- ¡Su cerveza! Son doscientas. No está muy fría pero es la última que me queda.
Sin duda el camarero tenía una gran capacidad para la interrupción.
- Tenga.
Aquel beocio recogió el dinero que con tanto desprecio Augusto había dejado sobre las manchas de café que había en la mesa y, sin decir buenos días, se escondió en su local: un negocio decadente, olvidado y tan condenado al fracaso como muchos de los asiduos a aquella plaza.
“La plaza del caudillo”, como era vulgarmente conocida.
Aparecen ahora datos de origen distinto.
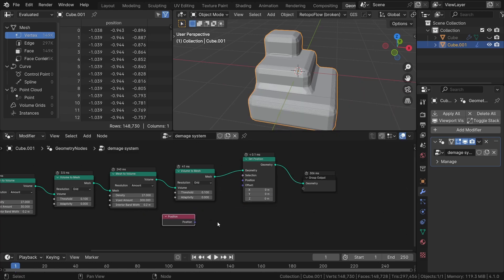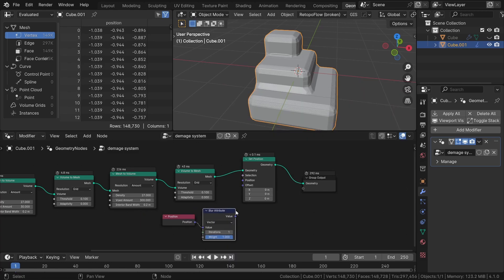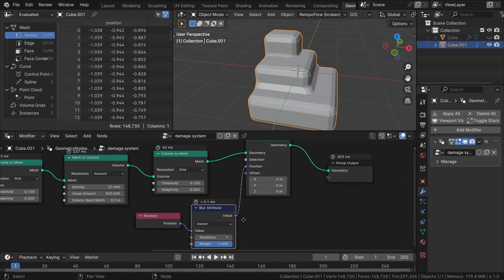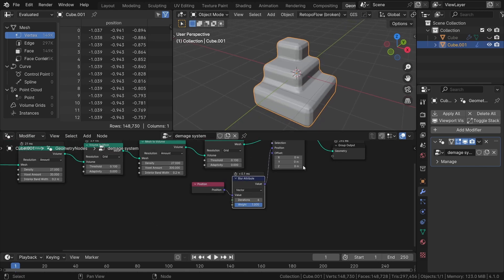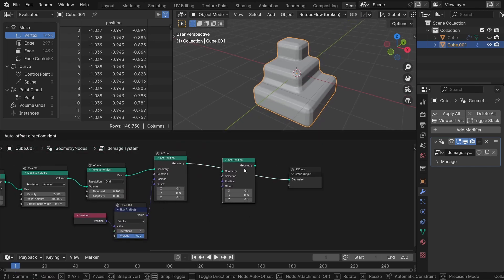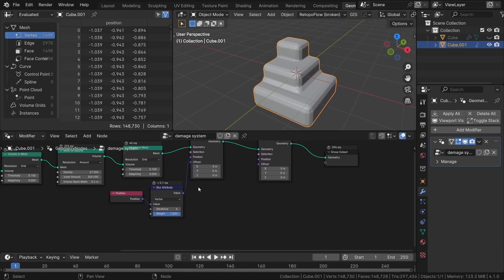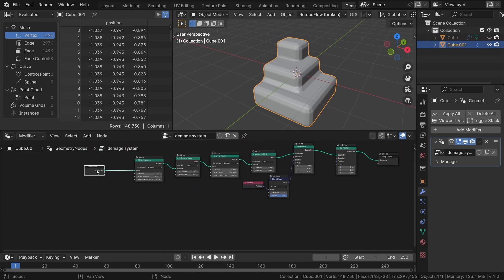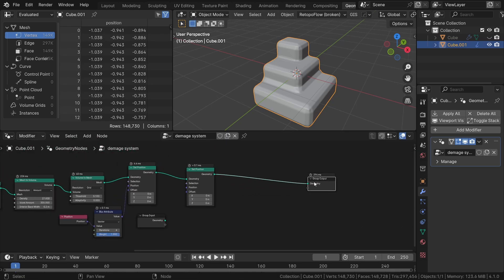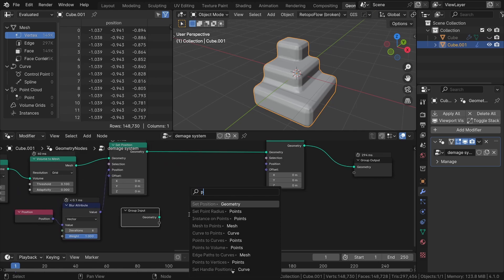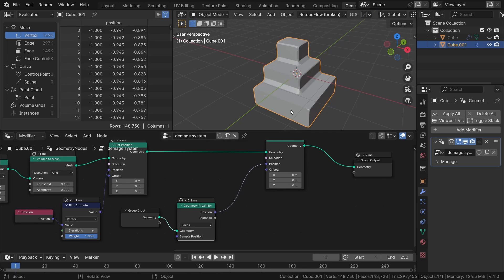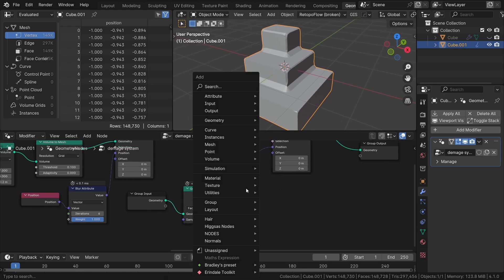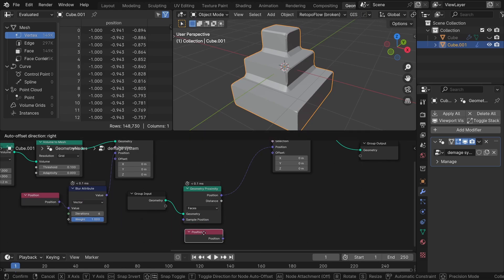We can adjust the number of iterations to achieve more or less smooth results. To reintroduce sharpness to our geometry, we can utilize the original geometry along with the geometry proximity node. This node enables us to retrieve the position data from the original mesh.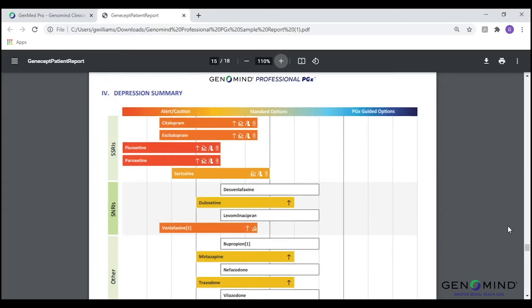The next page of our report is the diagnosis-specific summary. Think of this as your at-a-glance page. This page provides a graphical depiction of medications indicated for specific disease states, with medications and treatments being shifted on the plot based on a patient's genetic interactions. These summary pages are currently available for depression, anxiety, bipolar disorder, ADHD, and pain management.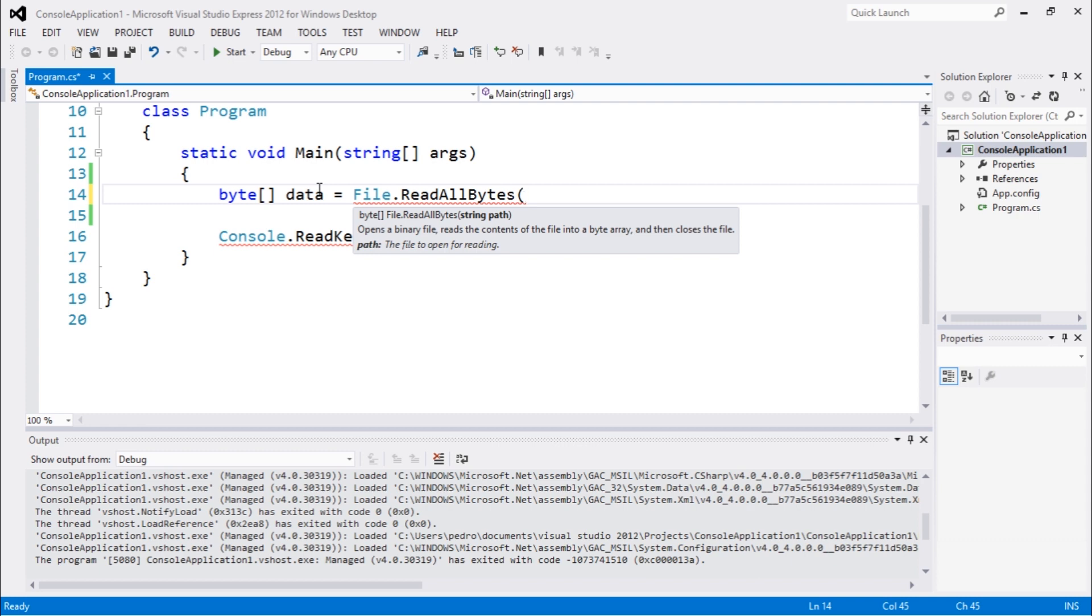This is something very interesting because using this method you could work with other types of files other than texts. But in this case we'll use this to work with text, but as I said before you can work with different types of files.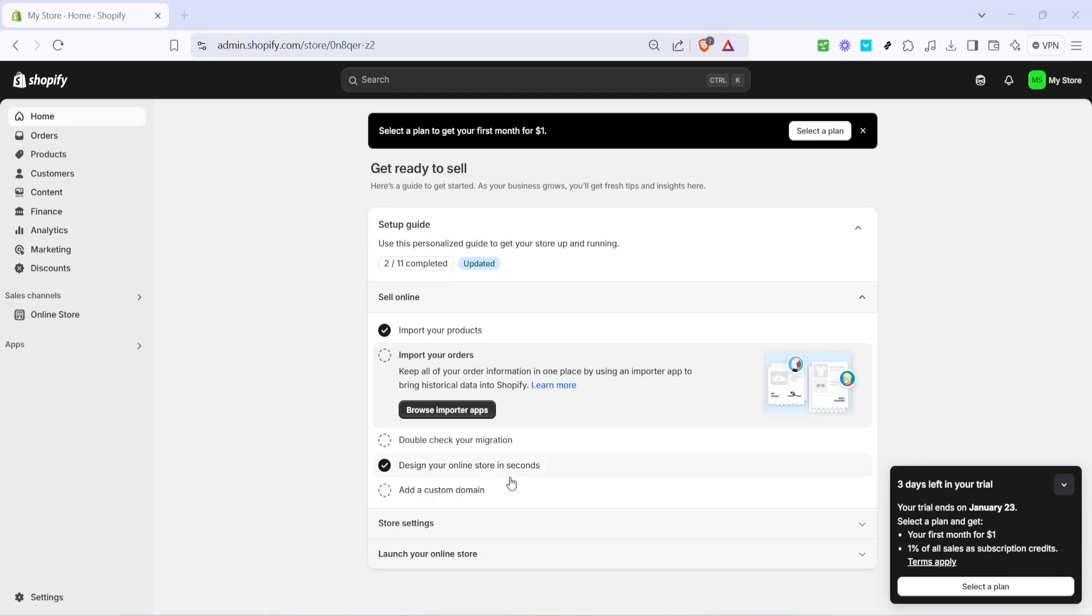In today's video, I'm going to teach you how to add meta tags to your Shopify store. Meta tags are an important aspect of website optimization as they help improve your store's visibility on search engines, meaning more potential customers can find your store online. So let's get started.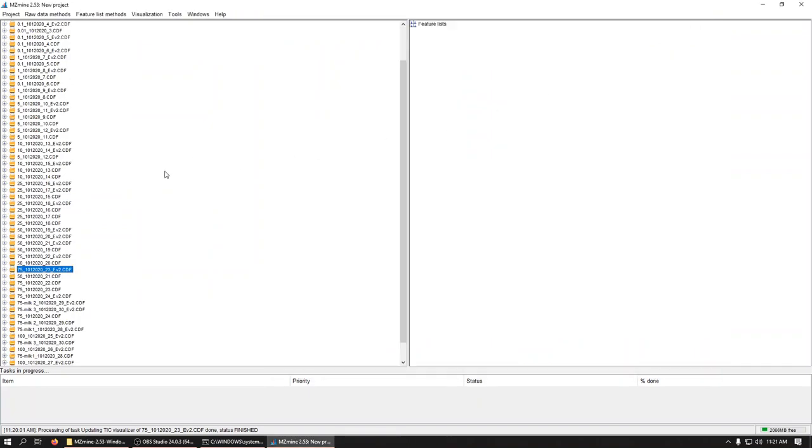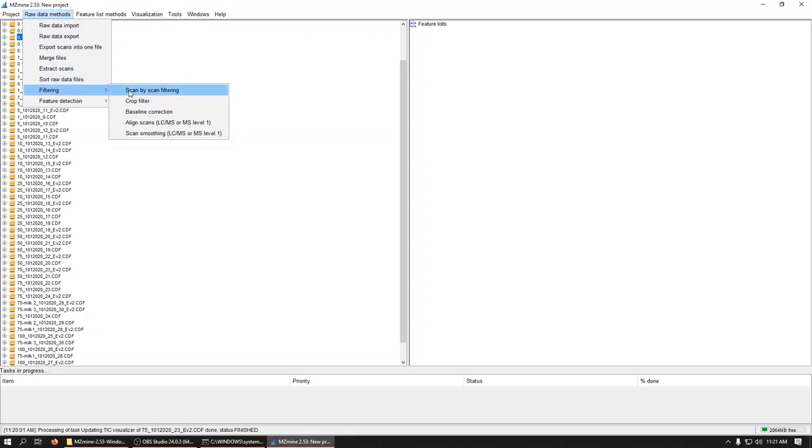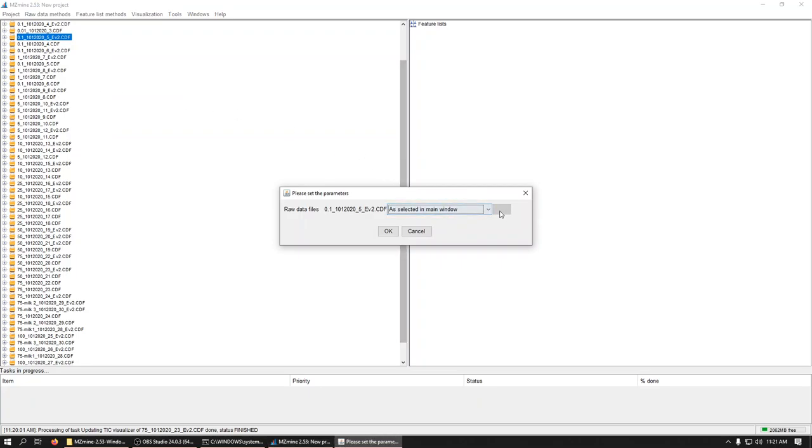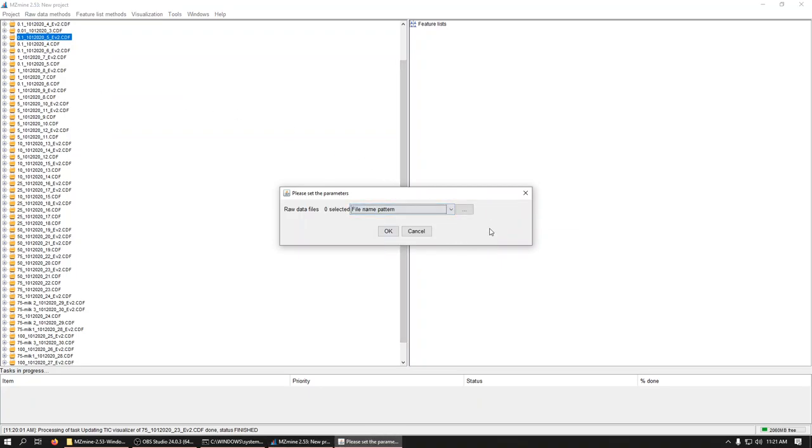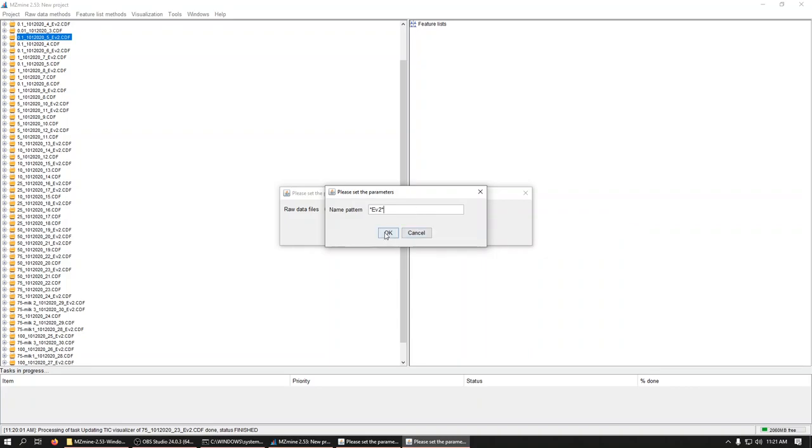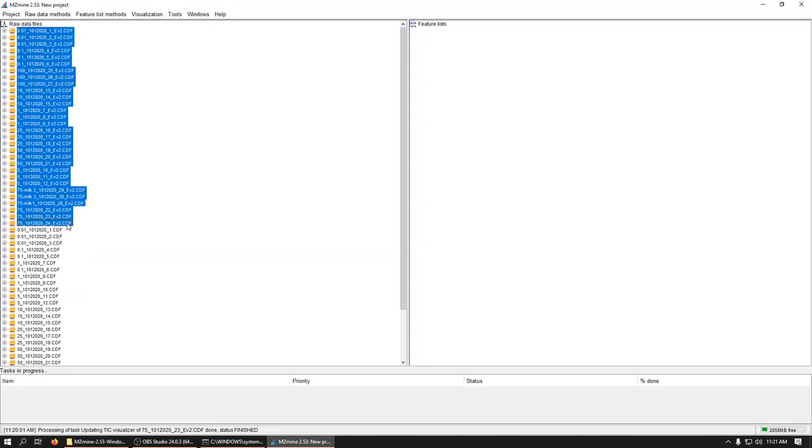We've got the data we want. And when we're doing quantitation, we'll actually want to look at just this event 2 model. So what I'm going to do is I'm going to do a sort quick. So I'm going to do raw data filtering. Sorry, raw data, sort raw data files. I'm going to do this file name pattern. So I'll use an asterisk as a wild card. And I can do EV2 for event 2. Another wild card. Okay. So that puts these all together. These are the ones that I actually care about. And we'll sort them more later. But we'll start off by selecting.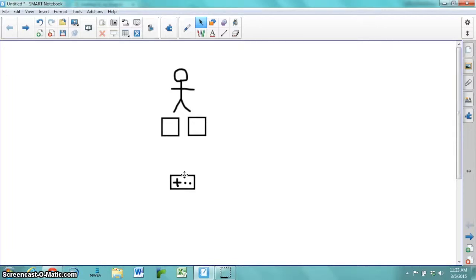All right, in this video we're going to talk about how to create a Scratch game that uses a Makey Makey for controls.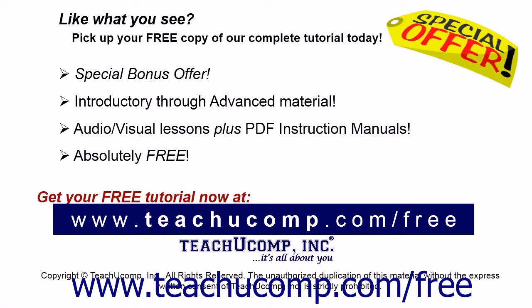Like what you see? Pick up your free copy of the complete tutorial at www.teachucomp.com/free.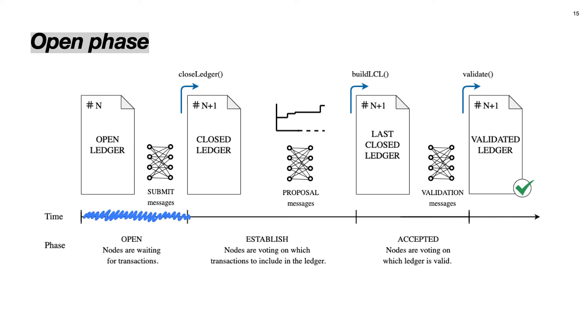Here is the general overview of how one consensus round looks like, and now we will go step by step through each phase. So let's start from the open phase. When the node enters a new round of consensus, it sets the phase to open, resets round specific data structures, and waits for the buffer to fill up with submitted transactions. Once the node has been in the open phase for more than half of the duration of the previous consensus round, the node moves to the established phase.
Y no porque fuera éste su nombre auténtico, sino porque ocupaba, presidía, dominaba, por que no decirlo, el centro de la misma una estatua ecuestre del eviterno.
Seguramente aquél era uno de los pocos lugares en los que todavía se podía ver las cenizas de aquella falla grotesca, malquerida y felizmente incinerada que había sido la pasada España; con sus, su, gobernantes-ninots nunca indultados colgando de ella como hienas de su presa: desangrándola, despedazándola, devorándola viva sin cambiar de mueca. Insaciables dentelladas sin el perjuicio de una risotada.
Sin embargo, aquella estatua seguía allí; y quizás fuera esta la mejor forma de demostrar el inmenso desprecio que los vecinos sentían por el descastado.